Data excerpts:
⁂
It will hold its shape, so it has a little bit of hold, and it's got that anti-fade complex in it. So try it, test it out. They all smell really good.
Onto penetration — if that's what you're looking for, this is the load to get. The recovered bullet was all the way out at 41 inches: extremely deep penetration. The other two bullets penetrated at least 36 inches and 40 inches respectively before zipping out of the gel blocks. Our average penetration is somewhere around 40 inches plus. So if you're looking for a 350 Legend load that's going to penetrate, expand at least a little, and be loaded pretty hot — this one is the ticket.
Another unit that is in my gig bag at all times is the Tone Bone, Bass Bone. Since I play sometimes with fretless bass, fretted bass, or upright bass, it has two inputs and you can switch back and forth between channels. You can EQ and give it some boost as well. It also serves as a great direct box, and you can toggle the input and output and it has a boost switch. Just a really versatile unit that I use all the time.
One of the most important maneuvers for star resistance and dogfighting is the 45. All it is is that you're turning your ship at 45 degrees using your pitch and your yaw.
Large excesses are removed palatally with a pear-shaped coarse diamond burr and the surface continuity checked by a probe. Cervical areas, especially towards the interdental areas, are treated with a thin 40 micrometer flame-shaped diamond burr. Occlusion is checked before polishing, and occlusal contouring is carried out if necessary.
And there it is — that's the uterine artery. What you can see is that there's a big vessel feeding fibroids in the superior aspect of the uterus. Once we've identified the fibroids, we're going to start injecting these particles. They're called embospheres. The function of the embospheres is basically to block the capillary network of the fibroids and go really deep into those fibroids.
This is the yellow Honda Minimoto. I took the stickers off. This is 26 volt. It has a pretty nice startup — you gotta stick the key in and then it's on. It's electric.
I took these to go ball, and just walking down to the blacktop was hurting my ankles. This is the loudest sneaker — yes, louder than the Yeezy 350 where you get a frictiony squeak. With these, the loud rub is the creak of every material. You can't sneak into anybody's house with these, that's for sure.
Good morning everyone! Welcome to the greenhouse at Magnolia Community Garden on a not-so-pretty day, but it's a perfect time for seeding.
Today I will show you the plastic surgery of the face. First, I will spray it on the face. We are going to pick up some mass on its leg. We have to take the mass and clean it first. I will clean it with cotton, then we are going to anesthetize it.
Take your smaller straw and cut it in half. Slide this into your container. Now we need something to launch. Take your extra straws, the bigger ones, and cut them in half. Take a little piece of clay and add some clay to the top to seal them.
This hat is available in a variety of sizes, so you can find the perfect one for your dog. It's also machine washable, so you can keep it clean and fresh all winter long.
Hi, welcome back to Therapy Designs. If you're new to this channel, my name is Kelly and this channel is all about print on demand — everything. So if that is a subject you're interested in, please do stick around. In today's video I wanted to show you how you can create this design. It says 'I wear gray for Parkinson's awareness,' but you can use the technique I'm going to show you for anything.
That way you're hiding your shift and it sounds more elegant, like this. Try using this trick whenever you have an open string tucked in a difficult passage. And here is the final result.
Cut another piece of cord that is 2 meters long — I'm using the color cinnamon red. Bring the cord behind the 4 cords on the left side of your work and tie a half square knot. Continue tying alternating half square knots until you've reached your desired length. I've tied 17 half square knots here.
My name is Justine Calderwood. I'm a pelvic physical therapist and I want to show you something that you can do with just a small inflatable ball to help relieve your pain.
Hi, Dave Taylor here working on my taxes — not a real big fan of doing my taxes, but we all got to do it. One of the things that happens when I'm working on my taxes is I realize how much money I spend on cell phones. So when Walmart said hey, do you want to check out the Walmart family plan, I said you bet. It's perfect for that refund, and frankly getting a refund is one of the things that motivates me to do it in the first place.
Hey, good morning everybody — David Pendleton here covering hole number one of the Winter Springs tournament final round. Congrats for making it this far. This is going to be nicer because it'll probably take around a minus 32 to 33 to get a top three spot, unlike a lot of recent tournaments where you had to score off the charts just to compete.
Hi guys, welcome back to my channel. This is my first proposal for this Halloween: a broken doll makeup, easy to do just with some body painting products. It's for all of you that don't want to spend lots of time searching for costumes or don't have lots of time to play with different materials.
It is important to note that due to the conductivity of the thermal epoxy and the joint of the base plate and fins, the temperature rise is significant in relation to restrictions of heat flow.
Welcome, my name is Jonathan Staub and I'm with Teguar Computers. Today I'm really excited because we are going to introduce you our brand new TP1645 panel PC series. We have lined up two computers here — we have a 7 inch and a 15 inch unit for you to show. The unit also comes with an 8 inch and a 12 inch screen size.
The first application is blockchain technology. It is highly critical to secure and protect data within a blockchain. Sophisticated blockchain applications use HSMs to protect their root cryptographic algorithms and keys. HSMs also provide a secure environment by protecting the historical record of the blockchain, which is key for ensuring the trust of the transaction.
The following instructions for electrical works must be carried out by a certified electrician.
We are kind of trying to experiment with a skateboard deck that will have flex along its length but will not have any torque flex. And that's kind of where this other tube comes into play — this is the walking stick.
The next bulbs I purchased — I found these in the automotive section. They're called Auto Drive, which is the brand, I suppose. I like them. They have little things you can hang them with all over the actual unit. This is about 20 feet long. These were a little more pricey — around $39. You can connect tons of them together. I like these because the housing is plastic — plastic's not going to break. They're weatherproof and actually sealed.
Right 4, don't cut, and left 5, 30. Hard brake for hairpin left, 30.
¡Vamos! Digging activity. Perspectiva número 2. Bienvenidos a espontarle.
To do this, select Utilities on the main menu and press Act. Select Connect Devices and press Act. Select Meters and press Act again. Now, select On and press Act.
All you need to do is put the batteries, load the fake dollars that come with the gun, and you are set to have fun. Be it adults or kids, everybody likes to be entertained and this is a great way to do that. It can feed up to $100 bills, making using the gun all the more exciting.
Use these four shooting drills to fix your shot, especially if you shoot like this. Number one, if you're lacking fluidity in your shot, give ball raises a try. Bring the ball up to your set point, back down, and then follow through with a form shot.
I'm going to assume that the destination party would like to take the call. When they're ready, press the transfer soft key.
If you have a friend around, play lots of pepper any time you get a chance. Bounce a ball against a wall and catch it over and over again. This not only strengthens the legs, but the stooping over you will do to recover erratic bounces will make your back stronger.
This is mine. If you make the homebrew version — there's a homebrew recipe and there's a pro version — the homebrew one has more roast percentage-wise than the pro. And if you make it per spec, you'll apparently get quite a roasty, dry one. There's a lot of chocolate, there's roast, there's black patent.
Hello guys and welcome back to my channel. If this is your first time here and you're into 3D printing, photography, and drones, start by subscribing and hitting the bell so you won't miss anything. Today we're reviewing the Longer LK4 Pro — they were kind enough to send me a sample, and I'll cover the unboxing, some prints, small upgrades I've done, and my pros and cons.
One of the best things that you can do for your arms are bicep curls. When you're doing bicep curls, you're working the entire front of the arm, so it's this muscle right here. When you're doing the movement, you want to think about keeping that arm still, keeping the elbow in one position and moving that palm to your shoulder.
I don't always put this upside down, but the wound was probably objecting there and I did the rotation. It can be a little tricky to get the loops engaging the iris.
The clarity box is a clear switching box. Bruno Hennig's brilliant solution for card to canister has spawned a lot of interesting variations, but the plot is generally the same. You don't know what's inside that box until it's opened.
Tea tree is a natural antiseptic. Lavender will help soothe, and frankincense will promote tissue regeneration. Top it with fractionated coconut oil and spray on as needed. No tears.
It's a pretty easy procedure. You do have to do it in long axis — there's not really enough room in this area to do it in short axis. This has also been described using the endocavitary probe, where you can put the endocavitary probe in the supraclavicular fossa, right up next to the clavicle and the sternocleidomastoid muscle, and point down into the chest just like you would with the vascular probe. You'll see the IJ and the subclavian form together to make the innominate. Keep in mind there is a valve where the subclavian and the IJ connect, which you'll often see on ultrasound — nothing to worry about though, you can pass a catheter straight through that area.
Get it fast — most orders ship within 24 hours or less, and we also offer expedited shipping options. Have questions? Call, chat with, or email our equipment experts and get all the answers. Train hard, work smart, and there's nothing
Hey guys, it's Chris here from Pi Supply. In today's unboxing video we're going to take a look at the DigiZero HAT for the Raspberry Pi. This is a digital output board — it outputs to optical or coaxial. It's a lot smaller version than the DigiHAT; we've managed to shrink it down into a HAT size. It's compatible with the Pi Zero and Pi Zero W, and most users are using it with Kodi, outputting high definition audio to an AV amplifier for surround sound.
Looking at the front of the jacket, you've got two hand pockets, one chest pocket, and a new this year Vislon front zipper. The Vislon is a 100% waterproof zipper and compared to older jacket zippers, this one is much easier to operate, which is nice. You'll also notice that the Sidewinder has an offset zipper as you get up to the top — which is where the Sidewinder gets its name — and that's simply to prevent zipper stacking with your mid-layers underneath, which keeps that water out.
⁂
_WORK TO COMPLETE_.
The required answer is the exact run of lines above starting at the line with "Welcome, my name" and ending at the line with "Bienvenidos a espontarle.", with both ends present.

_ANSWER FOR THE TASK_.
Welcome, my name is Jonathan Staub and I'm with Teguar Computers. Today I'm really excited because we are going to introduce you our brand new TP1645 panel PC series. We have lined up two computers here — we have a 7 inch and a 15 inch unit for you to show. The unit also comes with an 8 inch and a 12 inch screen size.
The first application is blockchain technology. It is highly critical to secure and protect data within a blockchain. Sophisticated blockchain applications use HSMs to protect their root cryptographic algorithms and keys. HSMs also provide a secure environment by protecting the historical record of the blockchain, which is key for ensuring the trust of the transaction.
The following instructions for electrical works must be carried out by a certified electrician.
We are kind of trying to experiment with a skateboard deck that will have flex along its length but will not have any torque flex. And that's kind of where this other tube comes into play — this is the walking stick.
The next bulbs I purchased — I found these in the automotive section. They're called Auto Drive, which is the brand, I suppose. I like them. They have little things you can hang them with all over the actual unit. This is about 20 feet long. These were a little more pricey — around $39. You can connect tons of them together. I like these because the housing is plastic — plastic's not going to break. They're weatherproof and actually sealed.
Right 4, don't cut, and left 5, 30. Hard brake for hairpin left, 30.
¡Vamos! Digging activity. Perspectiva número 2. Bienvenidos a espontarle.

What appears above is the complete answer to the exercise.